** Working data follows **

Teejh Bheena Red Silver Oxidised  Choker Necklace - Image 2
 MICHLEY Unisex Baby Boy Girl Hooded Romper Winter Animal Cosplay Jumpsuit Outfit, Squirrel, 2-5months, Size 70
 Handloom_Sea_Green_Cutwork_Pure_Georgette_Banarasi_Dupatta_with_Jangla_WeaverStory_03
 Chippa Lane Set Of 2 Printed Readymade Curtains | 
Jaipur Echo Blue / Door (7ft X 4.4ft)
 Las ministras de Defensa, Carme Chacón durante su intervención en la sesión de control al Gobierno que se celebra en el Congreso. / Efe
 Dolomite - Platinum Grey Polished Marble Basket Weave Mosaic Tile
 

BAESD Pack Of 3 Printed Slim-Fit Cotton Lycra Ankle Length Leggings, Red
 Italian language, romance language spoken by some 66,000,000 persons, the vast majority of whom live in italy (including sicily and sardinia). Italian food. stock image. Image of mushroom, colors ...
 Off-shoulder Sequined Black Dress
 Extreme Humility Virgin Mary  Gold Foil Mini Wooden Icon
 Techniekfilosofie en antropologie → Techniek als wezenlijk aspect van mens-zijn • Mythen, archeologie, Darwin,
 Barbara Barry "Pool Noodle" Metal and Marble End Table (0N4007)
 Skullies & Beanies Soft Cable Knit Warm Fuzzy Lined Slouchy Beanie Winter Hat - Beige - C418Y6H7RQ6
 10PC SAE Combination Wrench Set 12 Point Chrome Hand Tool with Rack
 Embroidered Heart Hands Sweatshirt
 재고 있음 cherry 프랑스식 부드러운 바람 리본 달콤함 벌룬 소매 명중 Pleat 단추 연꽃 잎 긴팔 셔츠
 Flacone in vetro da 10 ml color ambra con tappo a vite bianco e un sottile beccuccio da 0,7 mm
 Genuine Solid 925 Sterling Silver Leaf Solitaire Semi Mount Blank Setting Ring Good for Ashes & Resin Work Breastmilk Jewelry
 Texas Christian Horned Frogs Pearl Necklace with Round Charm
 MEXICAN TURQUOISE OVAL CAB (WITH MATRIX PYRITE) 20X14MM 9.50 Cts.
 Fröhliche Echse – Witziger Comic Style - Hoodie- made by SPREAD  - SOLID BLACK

** End of Working data **

### Exercise requirements
Please return the data above exactly as given.

### The completed task
Teejh Bheena Red Silver Oxidised  Choker Necklace - Image 2
 MICHLEY Unisex Baby Boy Girl Hooded Romper Winter Animal Cosplay Jumpsuit Outfit, Squirrel, 2-5months, Size 70
 Handloom_Sea_Green_Cutwork_Pure_Georgette_Banarasi_Dupatta_with_Jangla_WeaverStory_03
 Chippa Lane Set Of 2 Printed Readymade Curtains | 
Jaipur Echo Blue / Door (7ft X 4.4ft)
 Las ministras de Defensa, Carme Chacón durante su intervención en la sesión de control al Gobierno que se celebra en el Congreso. / Efe
 Dolomite - Platinum Grey Polished Marble Basket Weave Mosaic Tile
 

BAESD Pack Of 3 Printed Slim-Fit Cotton Lycra Ankle Length Leggings, Red
 Italian language, romance language spoken by some 66,000,000 persons, the vast majority of whom live in italy (including sicily and sardinia). Italian food. stock image. Image of mushroom, colors ...
 Off-shoulder Sequined Black Dress
 Extreme Humility Virgin Mary  Gold Foil Mini Wooden Icon
 Techniekfilosofie en antropologie → Techniek als wezenlijk aspect van mens-zijn • Mythen, archeologie, Darwin,
 Barbara Barry "Pool Noodle" Metal and Marble End Table (0N4007)
 Skullies & Beanies Soft Cable Knit Warm Fuzzy Lined Slouchy Beanie Winter Hat - Beige - C418Y6H7RQ6
 10PC SAE Combination Wrench Set 12 Point Chrome Hand Tool with Rack
 Embroidered Heart Hands Sweatshirt
 재고 있음 cherry 프랑스식 부드러운 바람 리본 달콤함 벌룬 소매 명중 Pleat 단추 연꽃 잎 긴팔 셔츠
 Flacone in vetro da 10 ml color ambra con tappo a vite bianco e un sottile beccuccio da 0,7 mm
 Genuine Solid 925 Sterling Silver Leaf Solitaire Semi Mount Blank Setting Ring Good for Ashes & Resin Work Breastmilk Jewelry
 Texas Christian Horned Frogs Pearl Necklace with Round Charm
 MEXICAN TURQUOISE OVAL CAB (WITH MATRIX PYRITE) 20X14MM 9.50 Cts.
 Fröhliche Echse – Witziger Comic Style - Hoodie- made by SPREAD  - SOLID BLACK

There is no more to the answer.